Leverage Caching To Cushion Our Database

Published in

julotech

8 min readNov 3, 2022

How proper caching implementation can alleviate the strain on database. Co-authored with Fathur Rohman.

Fetching and serving information around the web demands resources in the form of processing power and processing time. The bigger the data, the more expensive it costs, and the number increases the more users flock to your services. As the services attract more users, we must scale the system all the while maintaining its normal operation. For many startups, the expanding user base often means logical operations and queries that used to look passable will have to undergo changes to be more optimal. But there’s only so much you can do on code before teams find themselves worrying over micro-optimization and start a race of premature optimization, plus it takes a gigantic amount of effort to even evaluate where we should begin optimization out of the many services already released.

Facing similar problems, our engineers at JULO concluded that a caching strategy would allow us to alleviate strain in our database while simultaneously serving data faster. In this post, we detail our journey on initiating data caching to increase our capacity while reducing strain on the database.

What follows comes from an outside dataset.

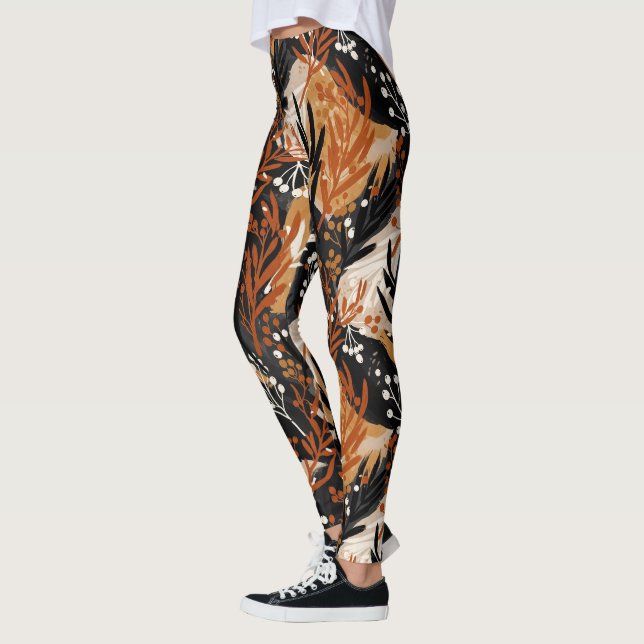 Cute Modern tiled pattern  Leggings (Left)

What is caching? Assume that there’s a book that you want to read in the library, rather than going to the library every time you want to read it you’d probably borrow the book and keep it on your shelf instead. Now you won’t have to waste transportation fees and commuting time revisiting the library. In this analogy, the library would be the database and the shelf is the cache. Simply put, caching stores frequently requested items closer to people who want them, thus increasing access speed and reducing expended resources.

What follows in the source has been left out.